> TASK REQUIREMENTS
Could you write out, word for word, only the lines from the one containing "em Hollywood Andy" through the last line of the data below?
+ + +
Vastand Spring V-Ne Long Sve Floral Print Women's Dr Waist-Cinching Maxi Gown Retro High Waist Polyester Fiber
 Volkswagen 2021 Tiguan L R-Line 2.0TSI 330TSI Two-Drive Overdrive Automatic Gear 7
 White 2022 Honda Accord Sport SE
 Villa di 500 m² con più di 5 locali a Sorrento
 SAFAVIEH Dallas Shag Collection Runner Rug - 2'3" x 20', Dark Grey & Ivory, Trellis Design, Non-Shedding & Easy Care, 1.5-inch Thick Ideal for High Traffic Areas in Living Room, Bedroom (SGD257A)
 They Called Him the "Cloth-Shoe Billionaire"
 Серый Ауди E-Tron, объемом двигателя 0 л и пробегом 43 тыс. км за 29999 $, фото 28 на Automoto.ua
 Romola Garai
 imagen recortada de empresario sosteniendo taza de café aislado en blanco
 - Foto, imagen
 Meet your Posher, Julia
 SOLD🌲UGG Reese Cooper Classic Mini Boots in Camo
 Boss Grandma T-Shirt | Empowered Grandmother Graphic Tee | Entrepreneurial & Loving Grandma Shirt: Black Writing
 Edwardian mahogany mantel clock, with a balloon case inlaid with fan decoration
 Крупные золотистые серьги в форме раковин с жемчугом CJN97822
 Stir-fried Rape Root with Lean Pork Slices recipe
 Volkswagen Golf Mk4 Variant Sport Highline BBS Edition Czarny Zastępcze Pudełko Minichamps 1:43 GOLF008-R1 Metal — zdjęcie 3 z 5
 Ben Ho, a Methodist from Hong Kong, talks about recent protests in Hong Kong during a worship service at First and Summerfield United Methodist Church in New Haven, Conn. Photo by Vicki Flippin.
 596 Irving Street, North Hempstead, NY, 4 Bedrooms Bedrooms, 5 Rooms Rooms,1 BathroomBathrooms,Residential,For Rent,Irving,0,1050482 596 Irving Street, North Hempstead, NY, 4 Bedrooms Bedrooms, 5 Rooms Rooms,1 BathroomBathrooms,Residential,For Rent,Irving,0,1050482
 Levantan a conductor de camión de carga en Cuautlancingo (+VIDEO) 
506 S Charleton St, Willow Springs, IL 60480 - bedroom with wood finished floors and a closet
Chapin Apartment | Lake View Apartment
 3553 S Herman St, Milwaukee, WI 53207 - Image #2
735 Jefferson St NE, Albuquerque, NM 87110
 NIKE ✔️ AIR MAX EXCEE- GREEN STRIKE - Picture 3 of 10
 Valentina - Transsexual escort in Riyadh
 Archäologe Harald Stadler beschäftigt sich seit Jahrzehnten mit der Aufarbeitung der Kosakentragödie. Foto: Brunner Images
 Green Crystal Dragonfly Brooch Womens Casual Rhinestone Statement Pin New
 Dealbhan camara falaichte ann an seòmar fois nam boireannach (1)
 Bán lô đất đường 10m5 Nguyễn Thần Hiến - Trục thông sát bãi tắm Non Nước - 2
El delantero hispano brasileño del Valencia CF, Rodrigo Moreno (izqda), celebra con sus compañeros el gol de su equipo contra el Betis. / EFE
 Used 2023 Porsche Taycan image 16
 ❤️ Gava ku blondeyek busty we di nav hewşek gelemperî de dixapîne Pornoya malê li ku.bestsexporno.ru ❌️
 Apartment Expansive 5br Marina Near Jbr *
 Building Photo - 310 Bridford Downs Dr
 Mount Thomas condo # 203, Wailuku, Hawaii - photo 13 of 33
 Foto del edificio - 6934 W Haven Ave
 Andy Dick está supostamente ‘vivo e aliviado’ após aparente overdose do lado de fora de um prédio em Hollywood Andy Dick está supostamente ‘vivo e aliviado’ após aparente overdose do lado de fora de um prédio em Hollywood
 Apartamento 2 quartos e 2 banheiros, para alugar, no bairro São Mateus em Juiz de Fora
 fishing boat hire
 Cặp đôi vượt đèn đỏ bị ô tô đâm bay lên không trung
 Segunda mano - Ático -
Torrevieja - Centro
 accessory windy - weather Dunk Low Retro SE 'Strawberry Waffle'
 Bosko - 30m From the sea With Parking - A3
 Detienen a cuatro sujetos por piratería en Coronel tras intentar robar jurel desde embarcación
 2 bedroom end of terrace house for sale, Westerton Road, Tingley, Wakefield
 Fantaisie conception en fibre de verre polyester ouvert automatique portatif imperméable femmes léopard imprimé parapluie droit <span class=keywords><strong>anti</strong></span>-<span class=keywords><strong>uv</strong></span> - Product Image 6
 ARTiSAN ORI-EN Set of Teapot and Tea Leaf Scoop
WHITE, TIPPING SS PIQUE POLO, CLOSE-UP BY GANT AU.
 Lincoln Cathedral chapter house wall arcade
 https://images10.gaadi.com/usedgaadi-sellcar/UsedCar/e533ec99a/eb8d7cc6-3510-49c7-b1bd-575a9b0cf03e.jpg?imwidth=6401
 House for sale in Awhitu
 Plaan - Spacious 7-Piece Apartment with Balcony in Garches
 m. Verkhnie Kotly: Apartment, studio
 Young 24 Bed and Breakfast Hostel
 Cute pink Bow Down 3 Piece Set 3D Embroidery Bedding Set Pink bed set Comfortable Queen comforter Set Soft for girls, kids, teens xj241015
+ + +
> ANSWER TO THIS PROBLEM
 Andy Dick está supostamente ‘vivo e aliviado’ após aparente overdose do lado de fora de um prédio em Hollywood Andy Dick está supostamente ‘vivo e aliviado’ após aparente overdose do lado de fora de um prédio em Hollywood
 Apartamento 2 quartos e 2 banheiros, para alugar, no bairro São Mateus em Juiz de Fora
 fishing boat hire
 Cặp đôi vượt đèn đỏ bị ô tô đâm bay lên không trung
 Segunda mano - Ático -
Torrevieja - Centro
 accessory windy - weather Dunk Low Retro SE 'Strawberry Waffle'
 Bosko - 30m From the sea With Parking - A3
 Detienen a cuatro sujetos por piratería en Coronel tras intentar robar jurel desde embarcación
 2 bedroom end of terrace house for sale, Westerton Road, Tingley, Wakefield
 Fantaisie conception en fibre de verre polyester ouvert automatique portatif imperméable femmes léopard imprimé parapluie droit <span class=keywords><strong>anti</strong></span>-<span class=keywords><strong>uv</strong></span> - Product Image 6
 ARTiSAN ORI-EN Set of Teapot and Tea Leaf Scoop
WHITE, TIPPING SS PIQUE POLO, CLOSE-UP BY GANT AU.
 Lincoln Cathedral chapter house wall arcade
 https://images10.gaadi.com/usedgaadi-sellcar/UsedCar/e533ec99a/eb8d7cc6-3510-49c7-b1bd-575a9b0cf03e.jpg?imwidth=6401
 House for sale in Awhitu
 Plaan - Spacious 7-Piece Apartment with Balcony in Garches
 m. Verkhnie Kotly: Apartment, studio
 Young 24 Bed and Breakfast Hostel
 Cute pink Bow Down 3 Piece Set 3D Embroidery Bedding Set Pink bed set Comfortable Queen comforter Set Soft for girls, kids, teens xj241015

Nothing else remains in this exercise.